Other times, though, they’d be cool and laugh and say things like, “Well, that works too.”
That’s what happened when I called a childcare place just down the road from us. I was optimistic. The woman in charge was irreverent but sounded competent. The prices weren’t bad. They claimed to base their childcare program on the Montessori approach. All of which made it possible for me to overlook the fact that they had the word “elite” in their name.
But then I went down for a visit. The woman in charge said she would remember me when I said I was “Sarah from Iowa.” She didn’t. She did, though, when I mentioned that I had a female partner.
“Oh! I remember you!” she said, genuinely pleased with herself.

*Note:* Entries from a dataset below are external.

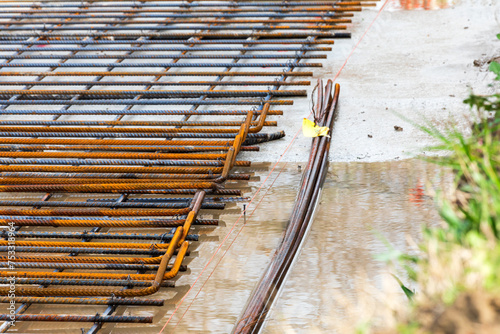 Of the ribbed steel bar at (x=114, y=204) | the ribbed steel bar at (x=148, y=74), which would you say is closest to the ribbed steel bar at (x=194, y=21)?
the ribbed steel bar at (x=148, y=74)

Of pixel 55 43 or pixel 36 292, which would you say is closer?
pixel 36 292

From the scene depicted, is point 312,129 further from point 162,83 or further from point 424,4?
point 424,4

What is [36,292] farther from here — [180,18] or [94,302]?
[180,18]

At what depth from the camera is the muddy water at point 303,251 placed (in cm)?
315

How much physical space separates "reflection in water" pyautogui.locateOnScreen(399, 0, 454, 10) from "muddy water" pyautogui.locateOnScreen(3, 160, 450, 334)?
11.5ft

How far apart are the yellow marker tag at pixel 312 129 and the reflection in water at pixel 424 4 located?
3.36 metres

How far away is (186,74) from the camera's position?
5.80 m

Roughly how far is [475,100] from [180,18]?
18.4 feet

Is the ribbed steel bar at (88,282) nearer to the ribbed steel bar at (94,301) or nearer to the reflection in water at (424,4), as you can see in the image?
the ribbed steel bar at (94,301)

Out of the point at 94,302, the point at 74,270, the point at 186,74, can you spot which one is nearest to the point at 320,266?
the point at 94,302

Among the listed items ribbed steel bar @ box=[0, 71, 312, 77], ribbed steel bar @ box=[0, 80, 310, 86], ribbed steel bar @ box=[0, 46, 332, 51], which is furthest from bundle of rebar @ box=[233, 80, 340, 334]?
ribbed steel bar @ box=[0, 46, 332, 51]

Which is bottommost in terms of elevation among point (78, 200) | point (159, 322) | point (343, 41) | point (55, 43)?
point (159, 322)

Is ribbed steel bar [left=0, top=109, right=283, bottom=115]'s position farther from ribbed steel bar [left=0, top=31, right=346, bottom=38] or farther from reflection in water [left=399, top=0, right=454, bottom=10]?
reflection in water [left=399, top=0, right=454, bottom=10]

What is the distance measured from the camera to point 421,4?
7.27 metres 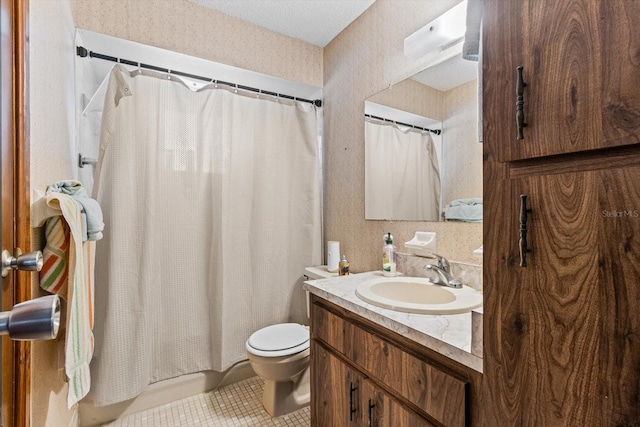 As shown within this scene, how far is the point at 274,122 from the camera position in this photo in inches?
81.7

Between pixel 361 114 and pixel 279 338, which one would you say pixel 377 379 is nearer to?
pixel 279 338

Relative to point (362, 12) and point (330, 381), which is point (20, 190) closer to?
point (330, 381)

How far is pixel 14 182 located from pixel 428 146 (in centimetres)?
153

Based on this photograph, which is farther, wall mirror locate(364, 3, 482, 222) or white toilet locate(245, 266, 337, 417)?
white toilet locate(245, 266, 337, 417)

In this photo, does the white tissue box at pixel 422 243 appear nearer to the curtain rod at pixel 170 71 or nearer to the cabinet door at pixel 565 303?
the cabinet door at pixel 565 303

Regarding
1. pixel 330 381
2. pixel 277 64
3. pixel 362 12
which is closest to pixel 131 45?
pixel 277 64

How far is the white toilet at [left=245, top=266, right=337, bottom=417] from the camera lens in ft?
5.08

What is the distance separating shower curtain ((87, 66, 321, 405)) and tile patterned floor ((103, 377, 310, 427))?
18 cm

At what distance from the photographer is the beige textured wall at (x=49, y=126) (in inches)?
33.3

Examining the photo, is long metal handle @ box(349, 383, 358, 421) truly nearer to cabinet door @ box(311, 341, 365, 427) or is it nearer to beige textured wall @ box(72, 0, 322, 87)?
cabinet door @ box(311, 341, 365, 427)

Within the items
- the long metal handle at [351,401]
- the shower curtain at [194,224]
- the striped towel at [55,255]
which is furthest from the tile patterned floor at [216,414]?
the striped towel at [55,255]

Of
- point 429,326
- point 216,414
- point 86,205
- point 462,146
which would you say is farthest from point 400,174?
point 216,414

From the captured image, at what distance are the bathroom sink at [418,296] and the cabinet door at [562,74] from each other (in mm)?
555

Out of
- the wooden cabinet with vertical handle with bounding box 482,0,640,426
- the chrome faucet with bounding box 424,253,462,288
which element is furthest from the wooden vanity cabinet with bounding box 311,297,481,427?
the chrome faucet with bounding box 424,253,462,288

She showed me around and everything seemed more or less OK until we entered the nursery. It was dark. And cramped. And there were two young girls with ten babies, nearly all of whom were crying. One of the girls came out of the room to put a note on the door and she was sniffling. She then wiped her nose with the back of her hand and walked back into the room of screams.
I suddenly imagined Nico going there everyday. Screaming her head off and getting only a grumpy, drippy nosed undergrad with over-bleached hair to soothe her.
And then I understood why some parents go childcare crazy.
Because, really, you are turning your child over to a bunch of strangers. Strangers who don’t know you or your child. Who won’t do things the way you do them. Because they aren’t you.
Yes, we are talking about control. And letting go of it.
Which I finally have.
Yesterday we settled on place for Nico. It’s the public child care facility in town. It’s run by United Way. It doesn’t have “elite” in its title. And they won’t teach Nico sign language. But many of the women who work in the nursery speak Spanish, so Nico will continue to hear Spanish. And more importantly, those women who speak Spanish seem content every time we stop by to see the place (which has only been two times, by the way). And their charges also seemed happy. Not a one was crying. Which, as the mother of an infant, I can say is pretty impressive.
Also, the people who work at this public childcare facilty don’t stare at Marta and me when we say we are Nico’s two moms. They don’t ask odd questions, like, “But which is the actual mom?” They just sort of take it in stride. The same goes for our granola ways. When we asked about cloth diapers they said, “Well….no one’s ever asked us that before. But I don’t see why not.”
In big cities or small liberal towns elsewhere in America I am sure there are child development centers where the staff is all trained in cloth diapers and lesbian moms and baby sign language. I am sure those places are great and, if you live near them, you don’t ever even have to think about things not being like that. But, as we are increasingly coming to accept, we don’t live in those places anymore. We live in Lubbock. Where there is no Sunday Times. And you seriously consider sending your child to a place with Christ or Lord or Jesus in its name.
Which is to say, my standards have changed. Not lowered. Just changed.
What I want in child care center in Lubbock is this: workers who are happy, babies who are happy, and staff that don’t give a rats ass that we’re granola gay.
*As an aside, I am writing this blog in a local coffee shop and next to me are two scruffy faced twenty-somethings I would normally take for pot smoking web designers, but they have a well worn green-covered tome between them and they’re talking nonstop about Jesus.”